Le ragazze della SSD Dolomiti Bellunesi chiudono il girone d’andata al settimo posto: va in archivio, infatti, la prima metà del campionato femminile di Eccellenza. Ora spazio alle vacanze natalizie? No, perché dicembre è il mese dedicato alla Coppa Italia: anche se domenica 4 il collettivo di mister Pellicanò osserva un turno di riposo. E tornerà sul rettangolo verde l’11, in trasferta contro il Carbonera.
ACQUA AL MULINO – La sensazione è che questa squadra abbia margini di crescita ancora da esplorare. Specialmente se si considera che, al mulino del gruppo, ogni atleta porta l’acqua dell’impegno, della generosità, dell’attaccamento ai colori e alla maglia. Come Valentina Cercenà: «Sono un’attaccante – racconta la venticinquenne – e fin da piccola ho avuto la passione per questo sport. Ho iniziato con i maschi della Valzoldana per poi approdare a Belluno: in Primavera e, poco dopo, in prima squadra. Il calcio per me è speciale, unico, un mix di emozioni: servono dedizione, sacrificio e responsabilità». Valentina, da buona attaccante, vive per il gol: «Ogni gara, bene o male, mi lascia qualcosa, ma quando segno le sensazioni sono ancora più forti. E sono particolarmente contenta».

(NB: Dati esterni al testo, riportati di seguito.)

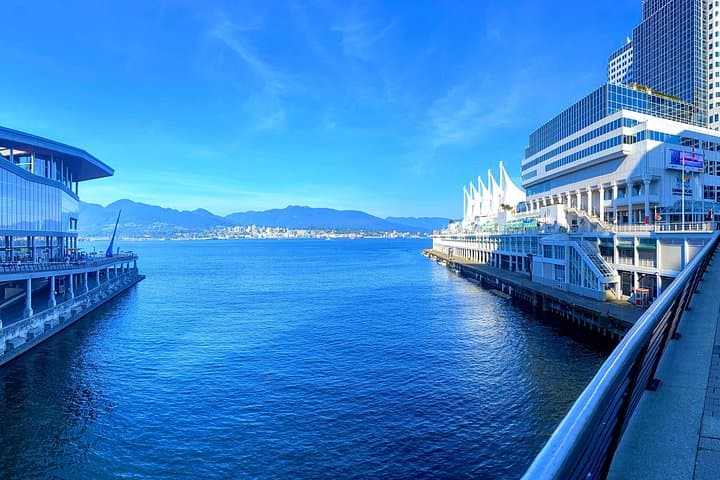 Private Vancouver Day Tour — Stanley Park, Granville Island & VanDusen photo 4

SCATTO – Nello scacchiere dolomitico, Cercenà ha caratteristiche importanti. Una su tutte: «La velocità. Lo scatto mi permette di superare l’avversaria. Per lo meno – sorride – quando non mi fischiano fuorigioco. La SSD Dolomiti Bellunesi? Una splendida occasione. Faremo il possibile per portare avanti il progetto a testa alta, lavorando sodo: giorno dopo giorno, allenamento dopo allenamento, partita dopo partita».

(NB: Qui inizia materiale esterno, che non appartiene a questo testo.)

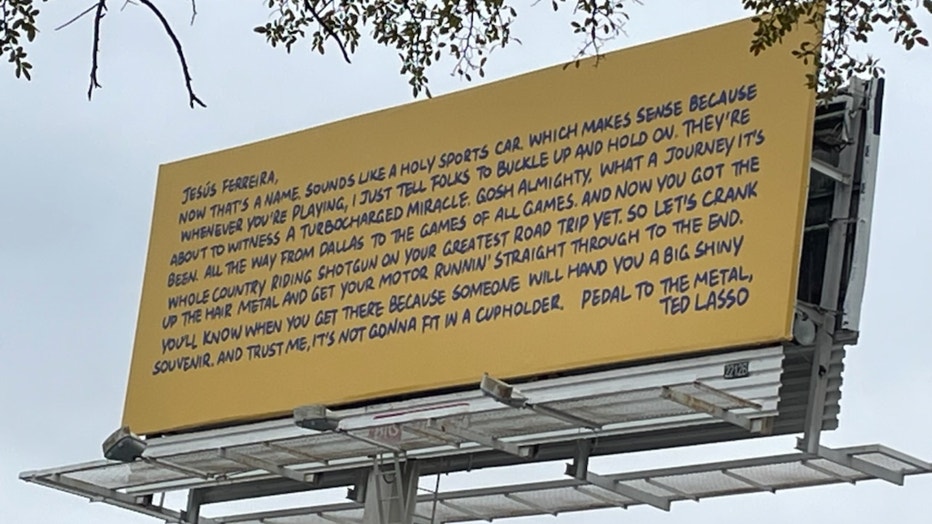 Ted Lasso sends off USMNT with billboards written to players - ESPN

NO DEVA, NO PARTY – La forza del collettivo può dare la spinta per un 2023 da protagoniste: «Ho un buonissimo rapporto con ognuna delle mie compagne – conclude Valentina -. Siamo un bel gruppo. E un pilastro fondamentale di questa squadra, ormai da anni, è la nostra Sandra Sommariva: della capitana non si può fare a meno. Ma neppure di Chiara De Valerio, un’amica eccezionale: in campo e fuori. Con lei, il divertimento è assicurato. E, come dico, sempre “no Deva, no party”».